Fitting the demographic parameters estimated from synonymous sites, then estimating selection parameters by ML, resulted in a close fit to the corrected nonsynonymous uSFS (Figure S4), but several alternative models also give excellent fits (Table 2). Taking the best-fitting model at face value, the results therefore imply that there is a major contribution from adaptive amino acid substitutions to protein evolution in D. melanogaster, i.e., a ≈ 0.5. This figure is consistent with several studies employing variants of the McDonald-Kreitman test to estimate the frequency of adaptive protein evolution (Fay et al 2002; Smith and Eyre-Walker 2002; Welch 2006; Andolfatto 2007; Eyre-Walker and Keightley 2009; Campos et al 2014). The estimated selective effects of adaptive mutations are also consistent with estimates for the more common, weakly selected of the two classes inferred by Sattath et al (2011), based on changes in diversity around substituted nonsynonymous sites.
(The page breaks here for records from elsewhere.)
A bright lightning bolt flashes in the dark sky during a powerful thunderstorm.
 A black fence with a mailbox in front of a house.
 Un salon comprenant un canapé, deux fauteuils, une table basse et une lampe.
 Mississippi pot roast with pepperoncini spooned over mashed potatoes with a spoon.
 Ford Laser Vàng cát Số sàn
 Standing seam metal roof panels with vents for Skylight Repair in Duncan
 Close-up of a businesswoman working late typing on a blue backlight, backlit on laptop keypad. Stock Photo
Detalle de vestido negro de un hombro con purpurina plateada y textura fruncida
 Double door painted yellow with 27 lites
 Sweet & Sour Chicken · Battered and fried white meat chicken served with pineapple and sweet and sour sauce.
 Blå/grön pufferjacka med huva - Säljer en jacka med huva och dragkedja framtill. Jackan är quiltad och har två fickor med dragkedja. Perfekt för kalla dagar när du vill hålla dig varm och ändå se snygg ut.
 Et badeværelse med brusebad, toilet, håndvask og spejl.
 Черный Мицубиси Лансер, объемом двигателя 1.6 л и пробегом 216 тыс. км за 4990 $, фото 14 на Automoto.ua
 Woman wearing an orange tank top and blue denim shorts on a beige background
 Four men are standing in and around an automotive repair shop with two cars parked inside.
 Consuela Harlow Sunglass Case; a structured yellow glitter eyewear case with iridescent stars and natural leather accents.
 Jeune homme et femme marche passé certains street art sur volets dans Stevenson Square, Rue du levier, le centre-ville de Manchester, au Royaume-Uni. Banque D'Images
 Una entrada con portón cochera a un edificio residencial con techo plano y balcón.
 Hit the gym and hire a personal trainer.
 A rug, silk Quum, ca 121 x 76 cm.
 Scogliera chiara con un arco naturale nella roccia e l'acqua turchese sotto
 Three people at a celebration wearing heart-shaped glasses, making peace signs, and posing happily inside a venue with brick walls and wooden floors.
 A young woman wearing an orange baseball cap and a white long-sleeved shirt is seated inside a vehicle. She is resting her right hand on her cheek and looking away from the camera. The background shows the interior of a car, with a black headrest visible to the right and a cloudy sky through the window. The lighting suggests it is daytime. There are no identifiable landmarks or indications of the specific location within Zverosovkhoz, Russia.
However, Sattath et al estimated that only about 13% of amino acid substitutions cause selective sweeps, arguing that this low value could reflect a prevalence of partial sweeps. On the other hand, Schneider et al (2011) used information from high frequency polymorphisms, which is most relevant for inferring the ongoing strength of selection and the frequency of relatively weakly selected variants. This is because strongly selected mutations are expected to be relatively rare and sweep rapidly to fixation, leaving little detectable footprint in the uSFS.